§ **The data**
• • • • • • •

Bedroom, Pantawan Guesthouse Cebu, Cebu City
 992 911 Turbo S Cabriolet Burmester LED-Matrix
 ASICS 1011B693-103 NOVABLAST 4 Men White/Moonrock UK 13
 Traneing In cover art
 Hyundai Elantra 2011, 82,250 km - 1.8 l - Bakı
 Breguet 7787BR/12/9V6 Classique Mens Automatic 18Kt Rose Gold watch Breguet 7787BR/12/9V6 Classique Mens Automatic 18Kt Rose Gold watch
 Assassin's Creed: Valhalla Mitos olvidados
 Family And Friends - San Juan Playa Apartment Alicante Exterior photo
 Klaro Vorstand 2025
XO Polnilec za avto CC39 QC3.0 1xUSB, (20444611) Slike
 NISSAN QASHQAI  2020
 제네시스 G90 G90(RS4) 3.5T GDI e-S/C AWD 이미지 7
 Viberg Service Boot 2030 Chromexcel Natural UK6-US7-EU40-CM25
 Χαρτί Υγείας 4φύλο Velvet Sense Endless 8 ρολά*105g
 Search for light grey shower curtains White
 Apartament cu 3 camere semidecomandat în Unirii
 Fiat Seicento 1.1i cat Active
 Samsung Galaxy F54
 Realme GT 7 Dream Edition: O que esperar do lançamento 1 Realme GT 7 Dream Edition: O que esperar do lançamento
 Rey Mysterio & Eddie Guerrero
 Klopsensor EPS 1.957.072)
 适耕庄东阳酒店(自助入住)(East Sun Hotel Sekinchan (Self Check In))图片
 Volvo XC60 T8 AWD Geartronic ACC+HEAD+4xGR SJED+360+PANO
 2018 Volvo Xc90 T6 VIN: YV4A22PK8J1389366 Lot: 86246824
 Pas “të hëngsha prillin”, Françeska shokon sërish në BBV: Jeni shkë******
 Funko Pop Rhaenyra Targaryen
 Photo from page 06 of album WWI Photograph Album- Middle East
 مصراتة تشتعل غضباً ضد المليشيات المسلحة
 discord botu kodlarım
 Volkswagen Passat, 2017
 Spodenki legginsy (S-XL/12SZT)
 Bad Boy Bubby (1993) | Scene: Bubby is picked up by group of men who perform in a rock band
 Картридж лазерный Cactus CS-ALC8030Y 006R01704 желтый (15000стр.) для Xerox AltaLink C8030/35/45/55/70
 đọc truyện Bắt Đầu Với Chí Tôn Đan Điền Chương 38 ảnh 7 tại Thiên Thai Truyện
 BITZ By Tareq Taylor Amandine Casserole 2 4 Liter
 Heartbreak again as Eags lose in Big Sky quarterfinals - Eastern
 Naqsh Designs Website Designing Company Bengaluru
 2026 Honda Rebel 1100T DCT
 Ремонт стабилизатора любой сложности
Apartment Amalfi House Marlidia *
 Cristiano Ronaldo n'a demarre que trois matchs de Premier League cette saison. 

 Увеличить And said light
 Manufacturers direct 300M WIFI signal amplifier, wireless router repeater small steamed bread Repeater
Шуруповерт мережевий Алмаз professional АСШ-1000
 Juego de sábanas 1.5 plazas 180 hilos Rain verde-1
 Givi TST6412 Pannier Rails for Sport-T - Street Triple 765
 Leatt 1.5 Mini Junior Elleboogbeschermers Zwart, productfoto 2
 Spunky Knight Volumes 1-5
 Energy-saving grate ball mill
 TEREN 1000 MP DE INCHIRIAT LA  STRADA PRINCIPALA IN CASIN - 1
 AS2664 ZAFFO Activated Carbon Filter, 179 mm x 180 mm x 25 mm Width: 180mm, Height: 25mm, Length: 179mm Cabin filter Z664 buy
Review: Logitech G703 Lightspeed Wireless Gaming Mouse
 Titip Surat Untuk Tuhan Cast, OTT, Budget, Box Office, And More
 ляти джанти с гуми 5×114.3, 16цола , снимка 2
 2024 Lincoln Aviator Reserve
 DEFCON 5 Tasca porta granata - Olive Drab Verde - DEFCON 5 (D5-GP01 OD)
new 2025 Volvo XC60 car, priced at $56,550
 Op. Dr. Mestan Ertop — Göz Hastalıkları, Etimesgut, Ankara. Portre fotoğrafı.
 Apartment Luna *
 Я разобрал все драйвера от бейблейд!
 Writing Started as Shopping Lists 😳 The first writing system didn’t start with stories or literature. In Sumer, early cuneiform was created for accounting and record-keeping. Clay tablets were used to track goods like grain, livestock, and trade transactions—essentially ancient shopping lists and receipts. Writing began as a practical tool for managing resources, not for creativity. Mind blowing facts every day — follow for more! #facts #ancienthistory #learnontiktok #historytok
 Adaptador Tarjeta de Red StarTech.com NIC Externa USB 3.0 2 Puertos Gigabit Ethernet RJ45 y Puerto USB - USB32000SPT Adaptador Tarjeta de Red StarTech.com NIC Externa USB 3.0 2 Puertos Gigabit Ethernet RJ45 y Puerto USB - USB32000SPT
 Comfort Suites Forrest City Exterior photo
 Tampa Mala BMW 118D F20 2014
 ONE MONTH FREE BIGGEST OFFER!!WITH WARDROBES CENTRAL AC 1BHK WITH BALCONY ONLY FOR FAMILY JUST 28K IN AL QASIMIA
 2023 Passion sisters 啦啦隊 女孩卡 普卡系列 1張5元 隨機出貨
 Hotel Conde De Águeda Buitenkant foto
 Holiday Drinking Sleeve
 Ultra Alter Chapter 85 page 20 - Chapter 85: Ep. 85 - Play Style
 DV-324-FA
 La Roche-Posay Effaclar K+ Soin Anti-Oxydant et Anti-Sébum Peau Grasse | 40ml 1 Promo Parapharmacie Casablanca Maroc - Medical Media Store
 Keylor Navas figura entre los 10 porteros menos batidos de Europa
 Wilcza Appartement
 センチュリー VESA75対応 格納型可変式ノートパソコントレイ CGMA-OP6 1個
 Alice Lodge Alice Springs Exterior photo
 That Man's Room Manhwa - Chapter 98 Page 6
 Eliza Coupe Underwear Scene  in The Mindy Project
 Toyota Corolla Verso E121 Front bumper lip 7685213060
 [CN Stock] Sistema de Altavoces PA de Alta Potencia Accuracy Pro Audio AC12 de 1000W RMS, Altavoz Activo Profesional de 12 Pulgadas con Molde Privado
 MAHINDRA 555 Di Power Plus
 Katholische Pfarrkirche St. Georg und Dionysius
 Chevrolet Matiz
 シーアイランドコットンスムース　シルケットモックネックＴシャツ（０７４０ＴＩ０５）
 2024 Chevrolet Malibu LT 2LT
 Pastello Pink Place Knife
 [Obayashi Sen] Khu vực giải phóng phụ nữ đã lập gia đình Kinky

• • • • • • •

§ **The problem**
The listing above is to be reproduced without a single change.

§ **Result of the exercise**
Bedroom, Pantawan Guesthouse Cebu, Cebu City
 992 911 Turbo S Cabriolet Burmester LED-Matrix
 ASICS 1011B693-103 NOVABLAST 4 Men White/Moonrock UK 13
 Traneing In cover art
 Hyundai Elantra 2011, 82,250 km - 1.8 l - Bakı
 Breguet 7787BR/12/9V6 Classique Mens Automatic 18Kt Rose Gold watch Breguet 7787BR/12/9V6 Classique Mens Automatic 18Kt Rose Gold watch
 Assassin's Creed: Valhalla Mitos olvidados
 Family And Friends - San Juan Playa Apartment Alicante Exterior photo
 Klaro Vorstand 2025
XO Polnilec za avto CC39 QC3.0 1xUSB, (20444611) Slike
 NISSAN QASHQAI  2020
 제네시스 G90 G90(RS4) 3.5T GDI e-S/C AWD 이미지 7
 Viberg Service Boot 2030 Chromexcel Natural UK6-US7-EU40-CM25
 Χαρτί Υγείας 4φύλο Velvet Sense Endless 8 ρολά*105g
 Search for light grey shower curtains White
 Apartament cu 3 camere semidecomandat în Unirii
 Fiat Seicento 1.1i cat Active
 Samsung Galaxy F54
 Realme GT 7 Dream Edition: O que esperar do lançamento 1 Realme GT 7 Dream Edition: O que esperar do lançamento
 Rey Mysterio & Eddie Guerrero
 Klopsensor EPS 1.957.072)
 适耕庄东阳酒店(自助入住)(East Sun Hotel Sekinchan (Self Check In))图片
 Volvo XC60 T8 AWD Geartronic ACC+HEAD+4xGR SJED+360+PANO
 2018 Volvo Xc90 T6 VIN: YV4A22PK8J1389366 Lot: 86246824
 Pas “të hëngsha prillin”, Françeska shokon sërish në BBV: Jeni shkë******
 Funko Pop Rhaenyra Targaryen
 Photo from page 06 of album WWI Photograph Album- Middle East
 مصراتة تشتعل غضباً ضد المليشيات المسلحة
 discord botu kodlarım
 Volkswagen Passat, 2017
 Spodenki legginsy (S-XL/12SZT)
 Bad Boy Bubby (1993) | Scene: Bubby is picked up by group of men who perform in a rock band
 Картридж лазерный Cactus CS-ALC8030Y 006R01704 желтый (15000стр.) для Xerox AltaLink C8030/35/45/55/70
 đọc truyện Bắt Đầu Với Chí Tôn Đan Điền Chương 38 ảnh 7 tại Thiên Thai Truyện
 BITZ By Tareq Taylor Amandine Casserole 2 4 Liter
 Heartbreak again as Eags lose in Big Sky quarterfinals - Eastern
 Naqsh Designs Website Designing Company Bengaluru
 2026 Honda Rebel 1100T DCT
 Ремонт стабилизатора любой сложности
Apartment Amalfi House Marlidia *
 Cristiano Ronaldo n'a demarre que trois matchs de Premier League cette saison. 

 Увеличить And said light
 Manufacturers direct 300M WIFI signal amplifier, wireless router repeater small steamed bread Repeater
Шуруповерт мережевий Алмаз professional АСШ-1000
 Juego de sábanas 1.5 plazas 180 hilos Rain verde-1
 Givi TST6412 Pannier Rails for Sport-T - Street Triple 765
 Leatt 1.5 Mini Junior Elleboogbeschermers Zwart, productfoto 2
 Spunky Knight Volumes 1-5
 Energy-saving grate ball mill
 TEREN 1000 MP DE INCHIRIAT LA  STRADA PRINCIPALA IN CASIN - 1
 AS2664 ZAFFO Activated Carbon Filter, 179 mm x 180 mm x 25 mm Width: 180mm, Height: 25mm, Length: 179mm Cabin filter Z664 buy
Review: Logitech G703 Lightspeed Wireless Gaming Mouse
 Titip Surat Untuk Tuhan Cast, OTT, Budget, Box Office, And More
 ляти джанти с гуми 5×114.3, 16цола , снимка 2
 2024 Lincoln Aviator Reserve
 DEFCON 5 Tasca porta granata - Olive Drab Verde - DEFCON 5 (D5-GP01 OD)
new 2025 Volvo XC60 car, priced at $56,550
 Op. Dr. Mestan Ertop — Göz Hastalıkları, Etimesgut, Ankara. Portre fotoğrafı.
 Apartment Luna *
 Я разобрал все драйвера от бейблейд!
 Writing Started as Shopping Lists 😳 The first writing system didn’t start with stories or literature. In Sumer, early cuneiform was created for accounting and record-keeping. Clay tablets were used to track goods like grain, livestock, and trade transactions—essentially ancient shopping lists and receipts. Writing began as a practical tool for managing resources, not for creativity. Mind blowing facts every day — follow for more! #facts #ancienthistory #learnontiktok #historytok
 Adaptador Tarjeta de Red StarTech.com NIC Externa USB 3.0 2 Puertos Gigabit Ethernet RJ45 y Puerto USB - USB32000SPT Adaptador Tarjeta de Red StarTech.com NIC Externa USB 3.0 2 Puertos Gigabit Ethernet RJ45 y Puerto USB - USB32000SPT
 Comfort Suites Forrest City Exterior photo
 Tampa Mala BMW 118D F20 2014
 ONE MONTH FREE BIGGEST OFFER!!WITH WARDROBES CENTRAL AC 1BHK WITH BALCONY ONLY FOR FAMILY JUST 28K IN AL QASIMIA
 2023 Passion sisters 啦啦隊 女孩卡 普卡系列 1張5元 隨機出貨
 Hotel Conde De Águeda Buitenkant foto
 Holiday Drinking Sleeve
 Ultra Alter Chapter 85 page 20 - Chapter 85: Ep. 85 - Play Style
 DV-324-FA
 La Roche-Posay Effaclar K+ Soin Anti-Oxydant et Anti-Sébum Peau Grasse | 40ml 1 Promo Parapharmacie Casablanca Maroc - Medical Media Store
 Keylor Navas figura entre los 10 porteros menos batidos de Europa
 Wilcza Appartement
 センチュリー VESA75対応 格納型可変式ノートパソコントレイ CGMA-OP6 1個
 Alice Lodge Alice Springs Exterior photo
 That Man's Room Manhwa - Chapter 98 Page 6
 Eliza Coupe Underwear Scene  in The Mindy Project
 Toyota Corolla Verso E121 Front bumper lip 7685213060
 [CN Stock] Sistema de Altavoces PA de Alta Potencia Accuracy Pro Audio AC12 de 1000W RMS, Altavoz Activo Profesional de 12 Pulgadas con Molde Privado
 MAHINDRA 555 Di Power Plus
 Katholische Pfarrkirche St. Georg und Dionysius
 Chevrolet Matiz
 シーアイランドコットンスムース　シルケットモックネックＴシャツ（０７４０ＴＩ０５）
 2024 Chevrolet Malibu LT 2LT
 Pastello Pink Place Knife
 [Obayashi Sen] Khu vực giải phóng phụ nữ đã lập gia đình Kinky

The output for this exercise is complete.